Background information
- Also known as: Louis XIV, Vicky Cryer, Giraffe
- Born: Jason Staehler Hill
- Genres: Rock, Alternative Rock, Indie Rock
- Occupations: Film score composer, producer, songwriter, musician, mixer, director
- Years active: 1990 – present
- Labels: Department of Recording and Power, Atlantic Records, Pineapple Recording Group, Sony ATV, Universal, Fancy Animal Records

= Jason Hill (singer) =

American musician

Jason Staehler Hill is an American film score composer, record producer, songwriter, mixer, inventor and multi-instrumentalist. He is known for inventing his own musical instruments and for playing cello, guitar, pianos, bass, drums and synthesizers.

==Career==

In 2014, Hill began his work in film with director David Fincher on the critically acclaimed motion picture Gone Girl. He was tasked to produce a new film version of the Charles Aznavour 1974 French classic She which featured a Hill penned orchestral and choral arrangement along with Richard Butler (The Psychedelic Furs) on vocals.

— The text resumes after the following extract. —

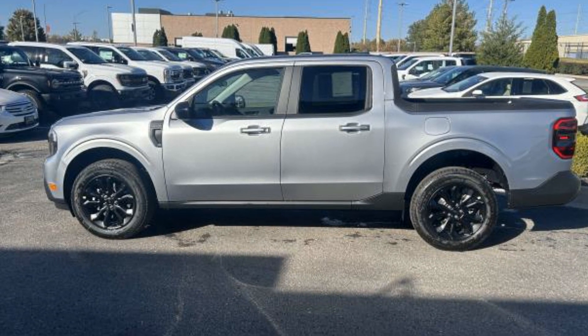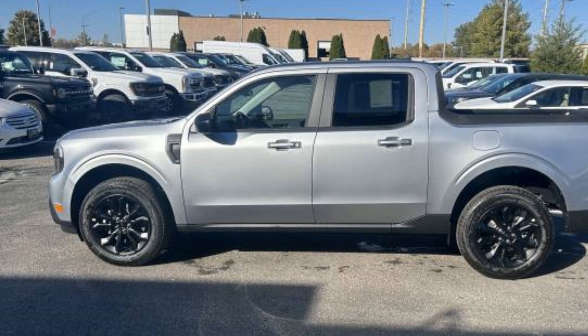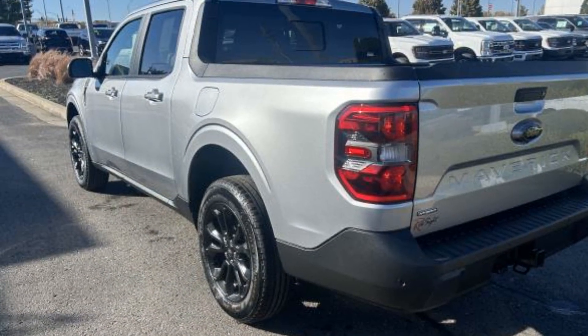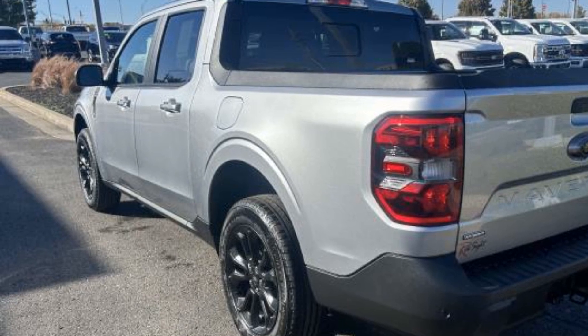2024 Ford Maverick. This pickup truck offers two full rows of seating for premium comfort. It delivers power and performance along with tons of features such as Lane Keeping Assist.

This version was used as the teaser and trailer for the film. He was then asked to score Fincher's HBO series Videosyncrazy and his Emmy nominated Netflix series Mindhunter. Hill is also the original music composer 2023's Magazine Dreams, Apple TV's Extrapolations and City on Fire, Netflix's FYRE: The Greatest Party That Never Happened, Showtimes' Couples Therapy, Netflix's 5-part mini-series The Confession Killer as well as Netflix's hit series This Is a Robbery. In 2022 Hill composed the music for director David Fincher’s Voir along with Emmy winning Netflix series Love, Death and Robots. The episode called "Bad Travelling" was directed by Fincher and is a 20-minute animated film.

Hill is also the lead singer and guitarist for the band Louis XIV. He has produced records, or otherwise worked with, such artists as The Killers, David Bowie, Jet, Sky Ferreira, New York Dolls, Brandon Flowers, Ariel Pink, Wolfmother, The Virgins, Robbie Williams, Macy Gray, Convoy, Nick Littlemore and Luke Steele (Empire of the Sun), among many others and has sold tens of millions of records to date collectively.

In 2011-2012 Hill produced, cowrote and performed on the New York Dolls' final album, Dancing Backward in High Heels. He also joined the New York Dolls as bass player for two tours in Europe while producing their album as well as a performance in New York City at the Bowery Ballroom, documented in the live video release New York Dolls at the Bowery.

In 2006 David Bowie personally asked Hill and Louis XIV to share the stage with him for his final live performance before Bowie’s death, at an AIDS in Africa Charity event called the BLACK BALL in New York City.